Prof. Sycara has given numerous invited talks, and has authored or co-authored more than 300 technical papers dealing with Multiagent Systems, Software Agents, Agents Supporting Human Teams, Multi-Agent Learning in Cooperative and Adversarial Environments, Web Services, the Semantic Web, Human-Agent Interaction, Negotiation, Case-Based Reasoning and the application of these techniques to crisis action planning, scheduling, manufacturing and financial planning and e-commerce. She has led multimillion dollar research effort funded by DARPA, NASA, AFOSR, ONR, AFRL, NSF and industry. Through an ONR MURI program and though the COABS DARPA program, Prof. Sycara’s group has developed the RETSINA multiagent infrastructure, a toolkit that enables the development of heterogeneous software agents that can dynamically coordinate in open information environments (e.g. the Internet). RETSINA has been used in multiple applications including supporting human joint mission teams for crisis response; creating autonomous agents for situation awareness and information fusion; financial portfolio management, negotiations and coalition formation for e-commerce, and coordinating robots for Urban Search and Rescue. Prof. Sycara is one of the contributors to the development of OWL-S, the Darpa-sponsored language for Semantic Web services, as well as matchmaking and brokering software for agent discovery, service integration and semantic interoperation.

Prof. Sycara has served as the Program Chair of the Second International Semantic Web Conference (ISWC 2003), as General Chair of the Second International Conference on Autonomous Agents (Agents 98), as the Chair of the Steering Committee of the Agents Conference (1999-2001), as the Scholarship chair of AAAI (1993-1999) and as a member of the AAAI Executive Council (1996-99). From 2001-2003 she served as Invited Expert of the W3C (the World Wide Web Consortium) Working Group on Web Services Architecture and is currently a member of the OASIS Technical committee on the development of UDDI (Universal Description and Discovery for Interoperability) software which is an industry standard.
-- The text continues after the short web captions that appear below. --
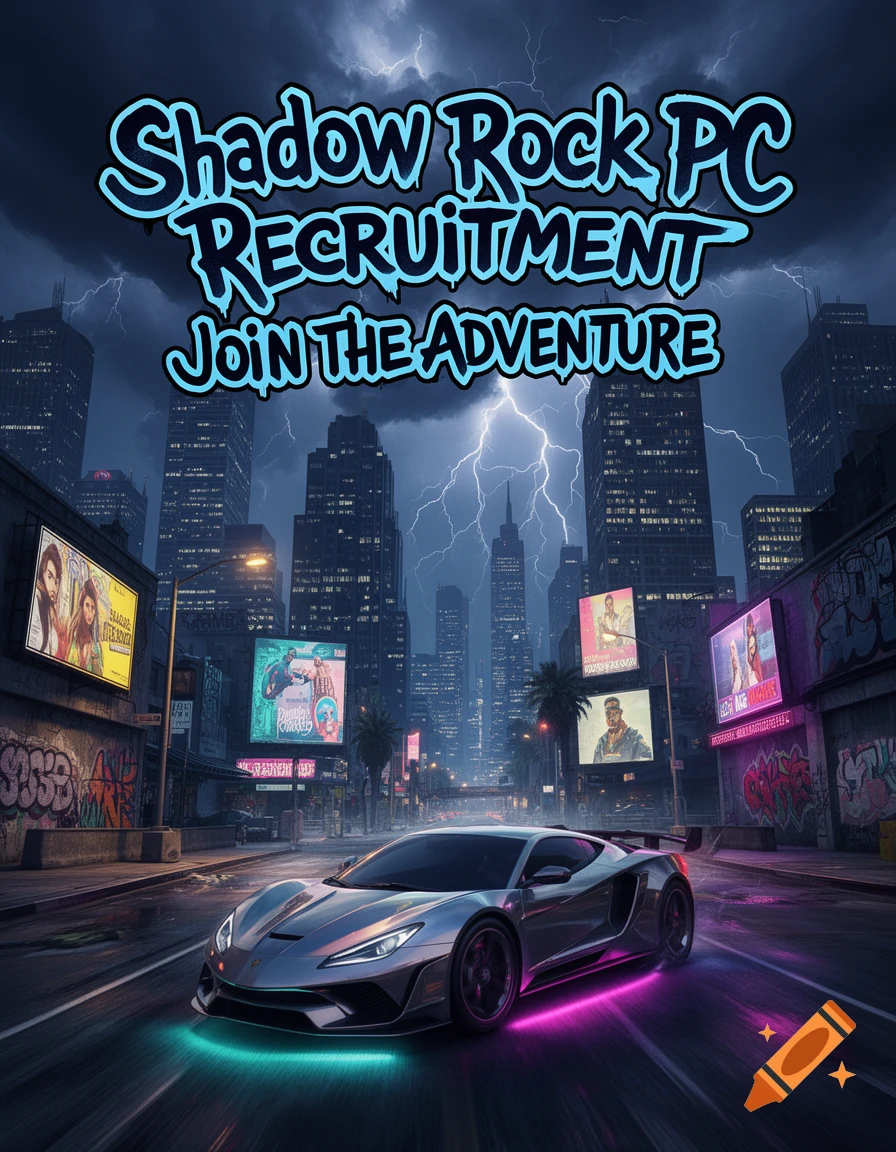 A silver futuristic sports car with neon underglow on a rainy city street at night, with skyscrapers, billboards, and lightning. Text: "Shadow Rock PC RECRUITMENT JOIN THE ADVENTURE".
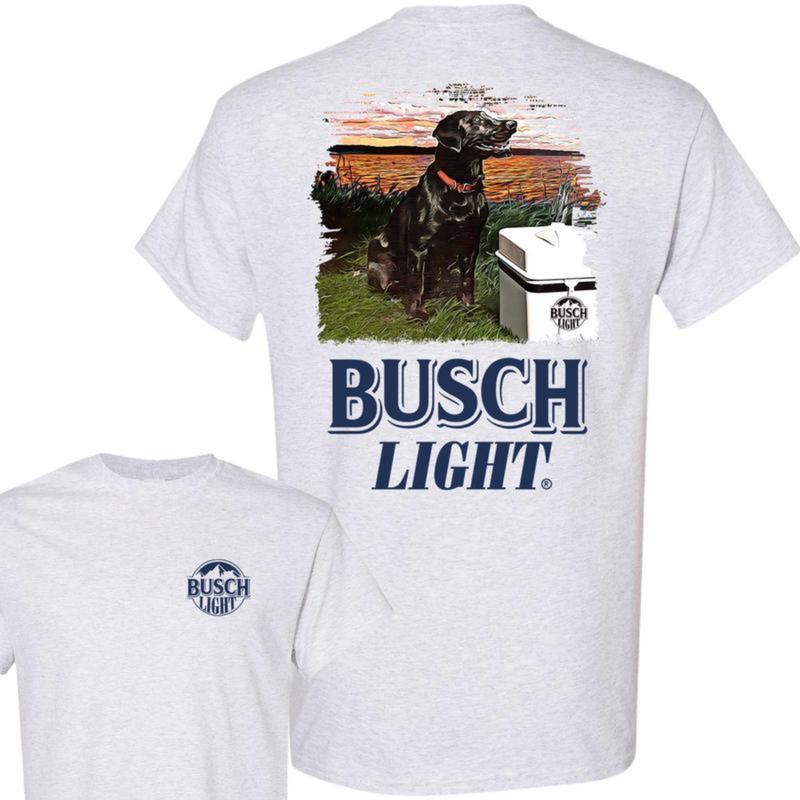 BUSCH LIGHT, BEER,Busch Light Best Friend 2-sided T-shirt, Busch Light T shirt Full Color For Men And Women, Casual Graphic Round Neck T-shirt for Sum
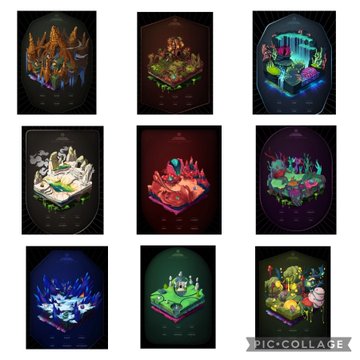 A collage of nine isometric fantasy video game scenes or dioramas showcasing various colorful environments like castles, forests, and magical landscapes on a dark background.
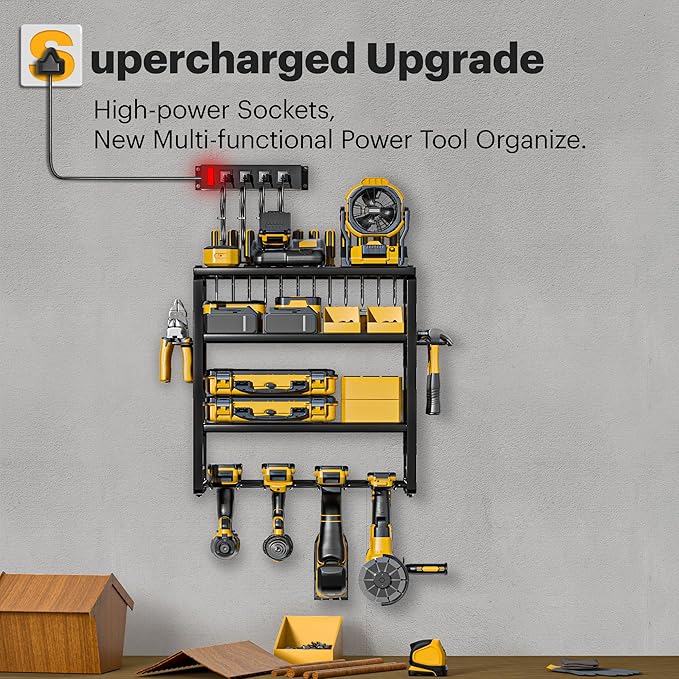 Power Tool Organizer Wall Mount with Charging Station, 4 Drill Holders and 4 Layers Garage Organization, Tool Battery Holder with 4 Outlet Power Strip, Tool Storage for Workshop Pegboard, Shed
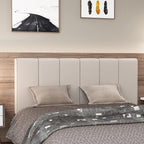 HAOBO Home Upholstered Headboards Foldable Queen/Full Faux Leather Panels with Height Adjustments-White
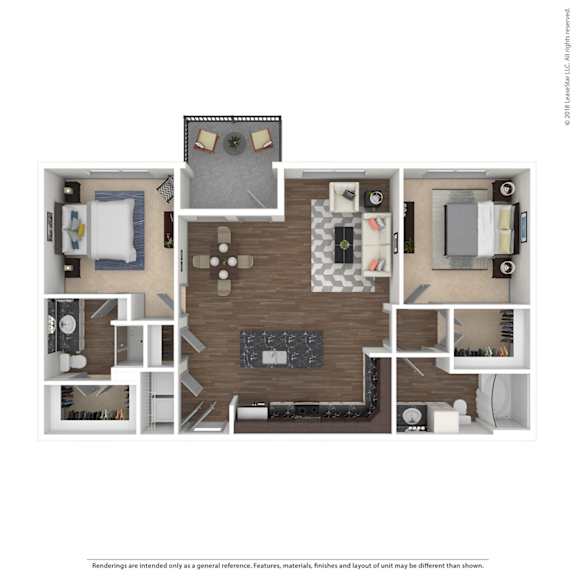 A floor plan of a small apartment with a kitchen, living room, and two bedrooms.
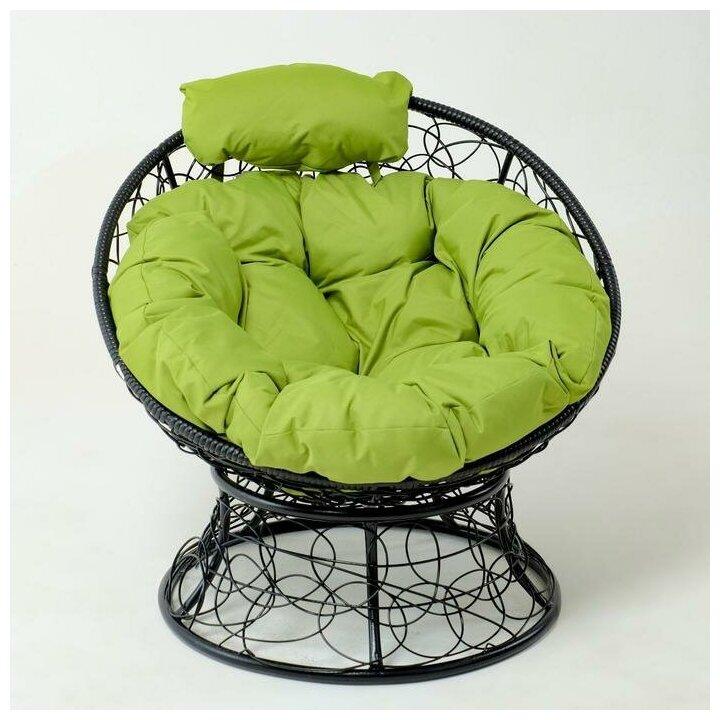 Кресло "Папасан" мини, ротанг, с зелёной подушкой 81х68х77см
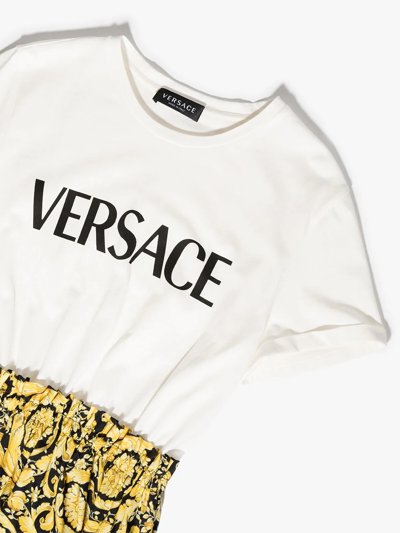 Versace Barocco Kids-print T-shirt Dress In White
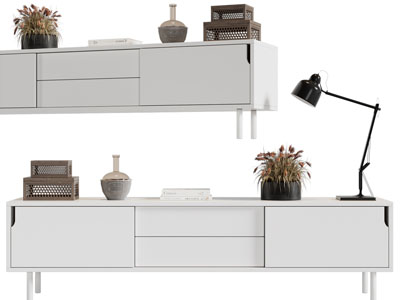现代白色电视柜、摆件组合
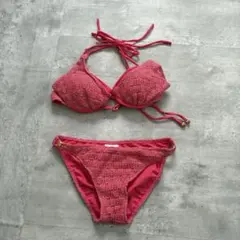 LAETITIA レディース ビキニ 水着 9M ピンク レース ホルターネックのサムネイル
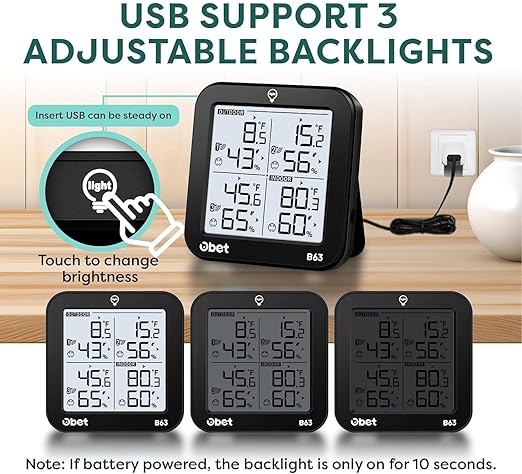 OBET Indoor Outdoor Thermometer Wireless Weather Station with 3 Sensors, Digital Hygrometer Remote Thermometer, Thermometer Temperature Humidity Monitor with Adjustable Backlight, USB Port (500 Feet)
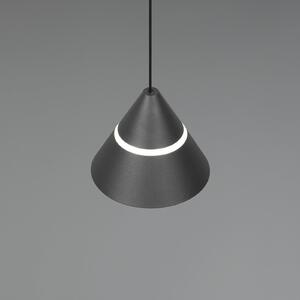 Trio Lighting LED obesna svetilka Romeo, Ø 14 cm, črna, kovina, CCT, Črna, Dnevna soba / jedilnica, Kovina, Sodobni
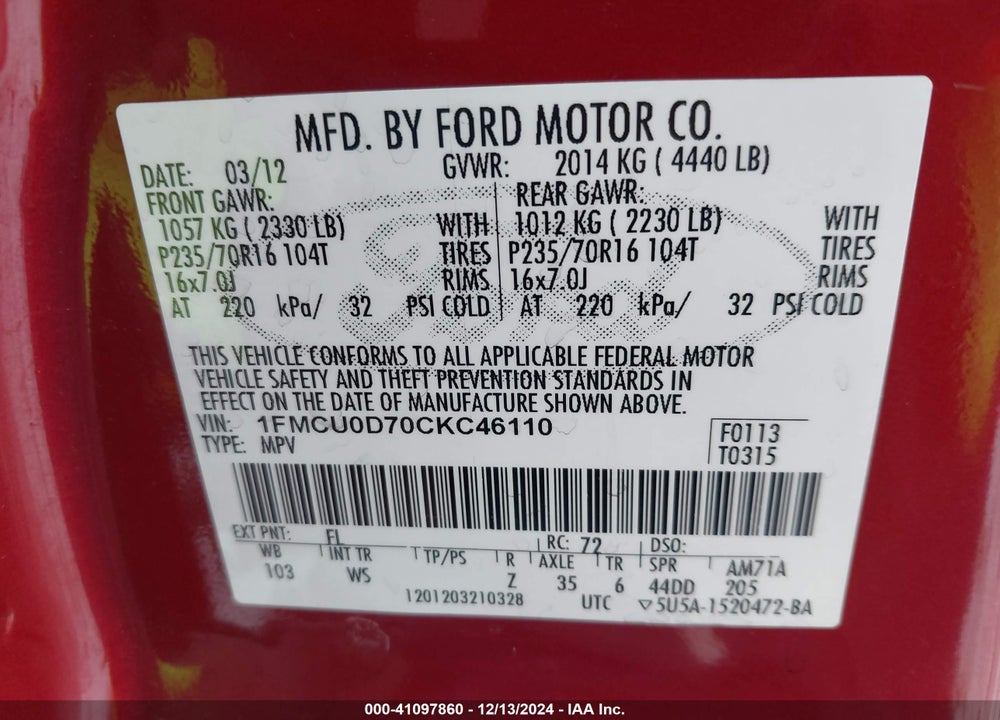2012 FORD ESCAPE XLT VIN: 1FMCU0D70CKC46110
Prof. Sycara is a founding member and member of the Board of Directors of the International Foundation of Multiagent Systems (IFMAS). She is a founding member of the Semantic Web Science Association, and serves as the US co-chair of the US-Europe Semantic Web Services Initiative. She is a founding Editor-in-Chief of the journal “Autonomous Agents and Multiagent Systems”; an Editor-in-Chief of the Springer Series on Agents; on the Editorial Board of the Kluwer book series on “Multiagent Systems, Artificial Societies and Simulated Organizations”; the Area Editor for AI and Management Science of the journal “Group Decision and Negotiation”. She also serves on the editorial board of the journal “Agent Oriented Software Engineering”, “Web Intelligence and Agent Technologies”, “Journal of Infonomics”, “Fundamenda Informaticae”, and “Concurrent Engineering: Research and Applications”. She has served on the editorial board of the “ETAI journal on the Semantic Web” (1998-2001), on the Editorial Board of “IEEE Intelligent Systems and their Applications” (1992-1996), and “AI in Engineering” (1990-1996).